[[ DATA TO PROCESS, beginning ]]
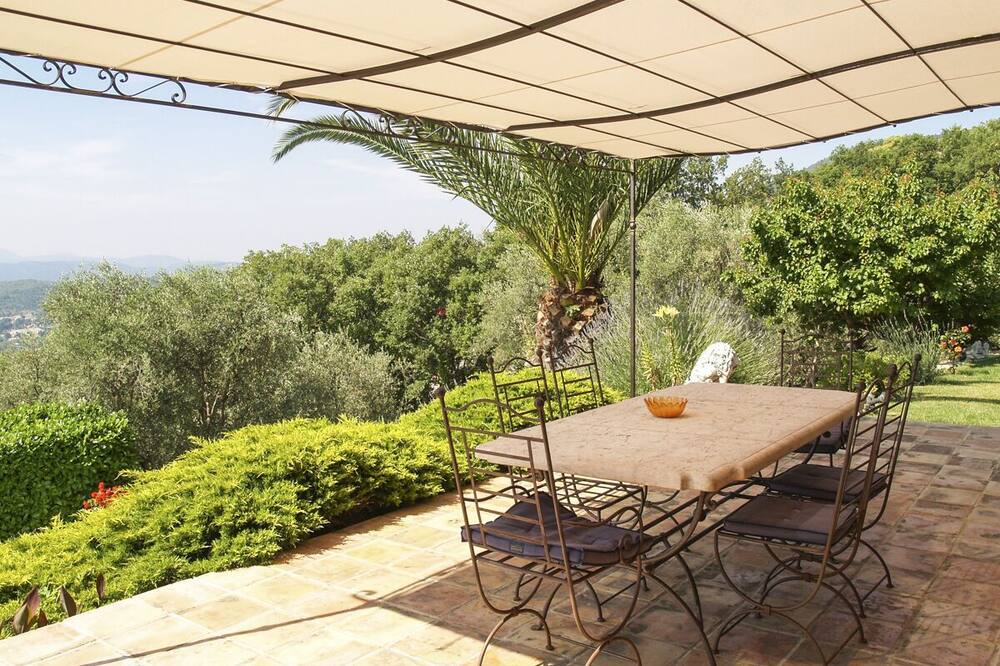 Photo of Patio Balcony in Speracedes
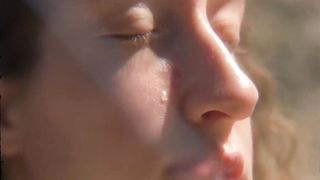 Sara Cath nude - Two lips (2020)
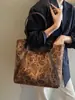 Bolso de Hombro de Moda Bolso Tote Grande para Mujer Bolso de Mano Casual Retro Bolso Cubo Versátil Comercio Exterior Transfronterizo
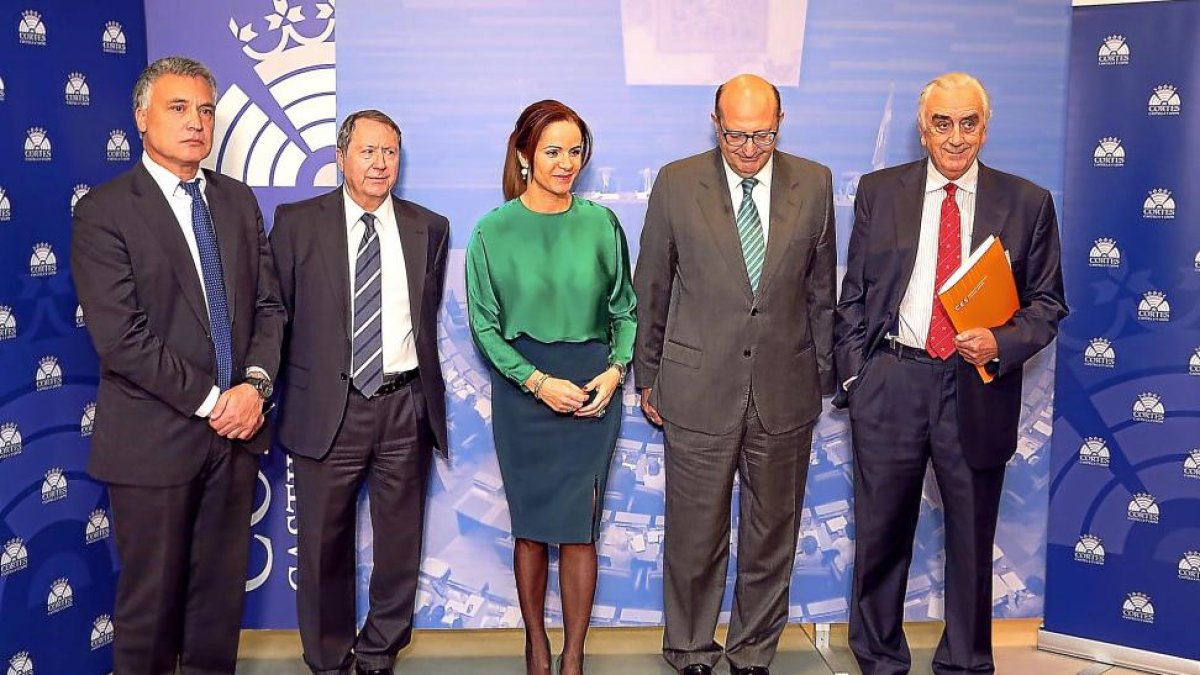 La presidenta de las Cortes, Silvia Clemente, posa junto a Javier Eneriz, Juan Cano Bueso, Ramón Álvarez de Miranda y Marcos Peña Pinto.-ICAL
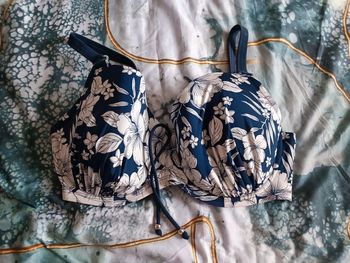 Haut de maillot de bain bleu foncé et blanc 80G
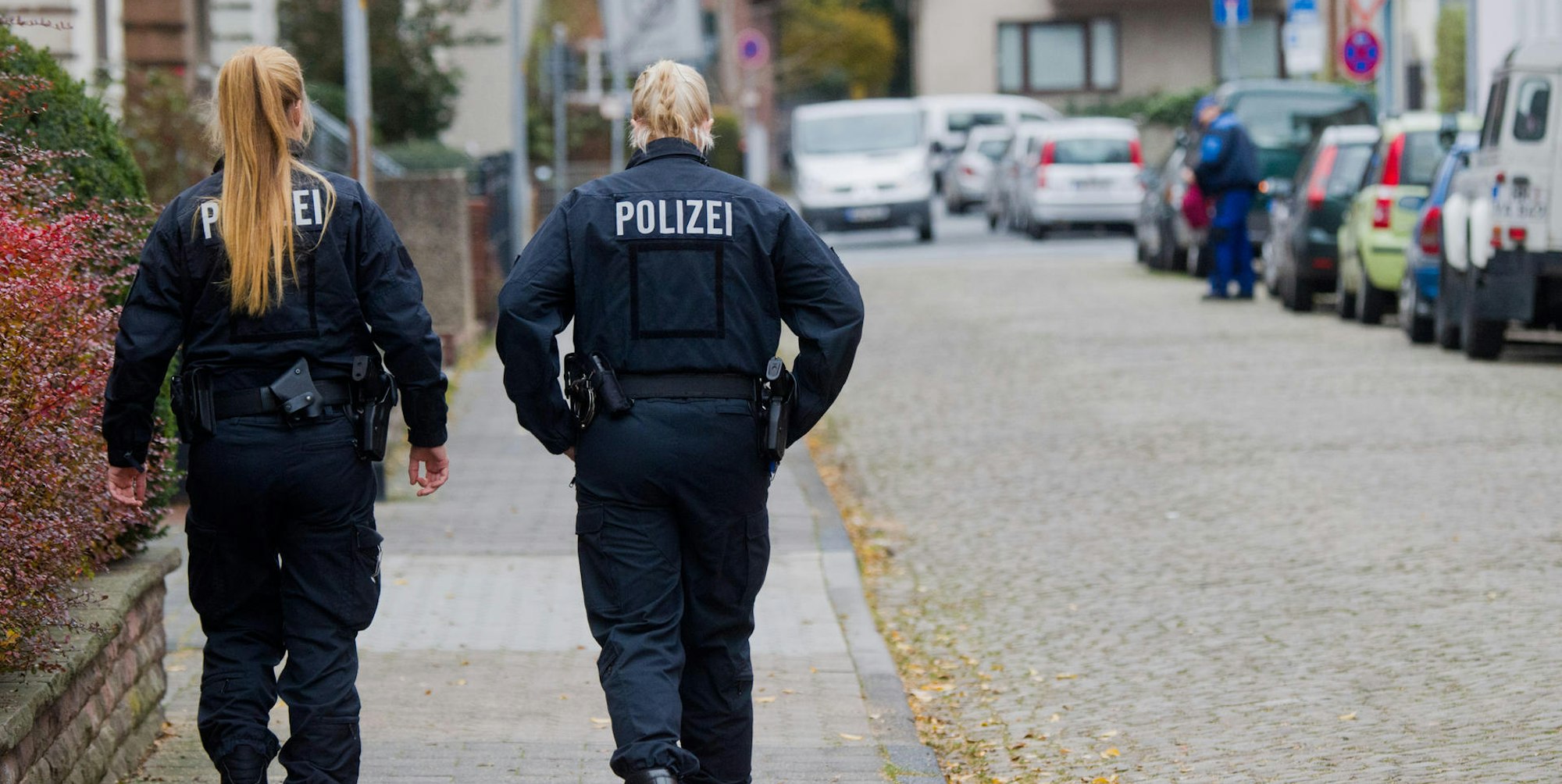 Polizistinnen in Hameln auf Straße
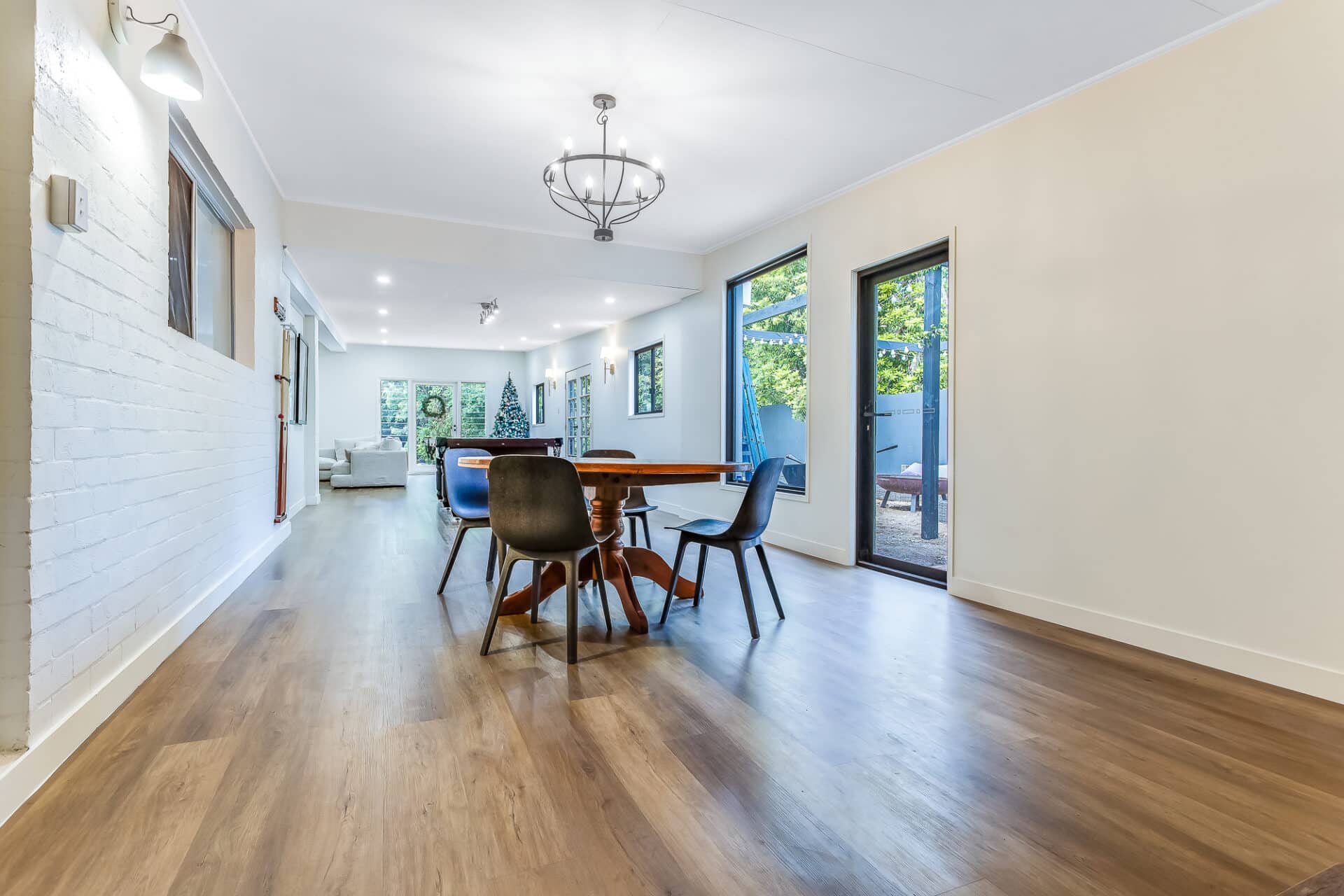 French Oak Hybrid Flooring 8mm - Image 6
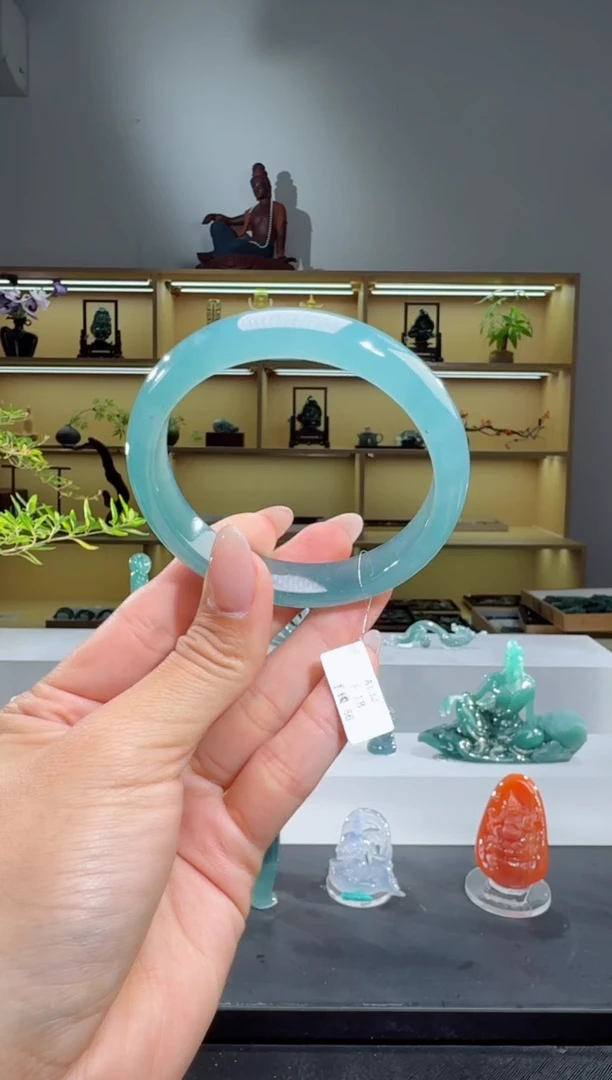 未镶嵌手镯翡翠56圈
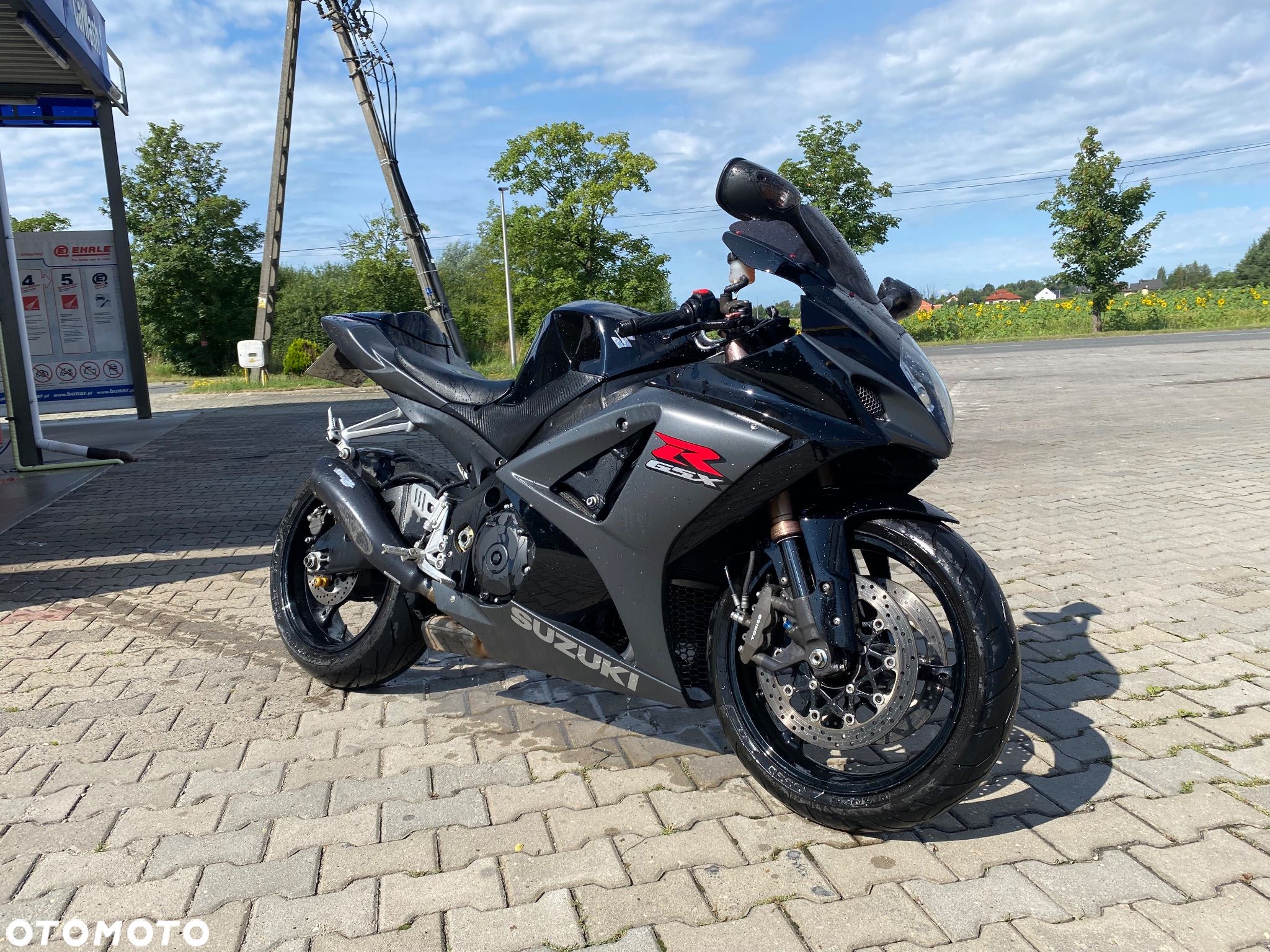 Suzuki GSX-R - 1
[[ DATA TO PROCESS, end ]]
DESCRIPTION OF THE TASK ::
Write out the entries above word for word. Do not include the pictures.

RESPONSE TO THIS TASK ::
 Photo of Patio Balcony in Speracedes
 Sara Cath nude - Two lips (2020)
 Bolso de Hombro de Moda Bolso Tote Grande para Mujer Bolso de Mano Casual Retro Bolso Cubo Versátil Comercio Exterior Transfronterizo
 La presidenta de las Cortes, Silvia Clemente, posa junto a Javier Eneriz, Juan Cano Bueso, Ramón Álvarez de Miranda y Marcos Peña Pinto.-ICAL
 Haut de maillot de bain bleu foncé et blanc 80G
 Polizistinnen in Hameln auf Straße
 French Oak Hybrid Flooring 8mm - Image 6
 未镶嵌手镯翡翠56圈
 Suzuki GSX-R - 1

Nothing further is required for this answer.